RE: Language Tag Case Conflict (between RDF1.1 and BCP47) from Markus Lanthaler on 2014-01-21 (public-rdf-wg@w3.org from January 2014)

From: Markus Lanthaler <markus.lanthaler@gmx.net>
Date: Tue, 21 Jan 2014 10:00:44 +0100
To: <public-rdf-wg@w3.org>
Cc: "'Andy Seaborne'" <andy@apache.org>
Message-ID: <007d01cf1687$4592ac30$d0b80490$@lanthaler@gmx.net>

On Monday, January 20, 2014 11:08 PM, Andy Seaborne wrote:
> BCP47 has quite a lot to say about canonicalization including:
> 
> """
> 4.5. Canonicalization of Language Tags
> 
>     Since a particular language tag can be used by many processes,
>     language tags SHOULD always be created or generated in canonical
>     form.
> """
> 
> i.e. it is data creator responsibility.  An RDF parser is not creating
> or generating.

Did I say that? RDF Concepts does not talk about parsers or serializers it
just says

  A literal is a language-tagged string if the third element is
  present. Lexical representations of language tags MAY be converted
  to lower case. The value space of language tags is always in lower
  case.

That lowercasing of the *lexical* representation might happen anywhere, also
in tools that "create or generate" RDF.

> """
> All comparisons MUST be performed in a case-insensitive manner.
> """
> 
> We're not ignoring BCP47 - indeed by saying "The value space of language
> tags is always in lower case" we're following it about comparisons.
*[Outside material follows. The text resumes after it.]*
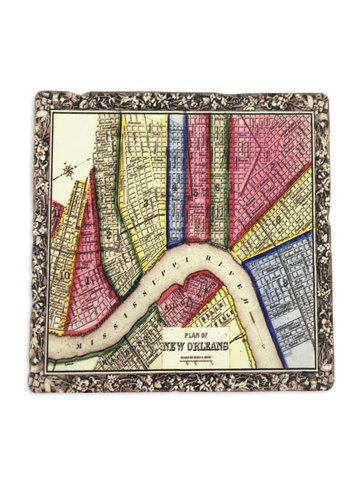 New Orleans Map Colorful Coaster, 4x4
Neither did I say that. I just said that the language tags are typically
formatted like so "en-US" and not like "en-us". All I proposed is to mention
somewhere, somehow that such transformations of the *lexical* representation
are allowed. I expect that a lot of people will ask themselves this
question.

Anyway, it's a tiny change and we don't seem to agree. So let's just leave
it out.

--
Markus Lanthaler
@markuslanthaler

Received on Tuesday, 21 January 2014 09:01:18 UTC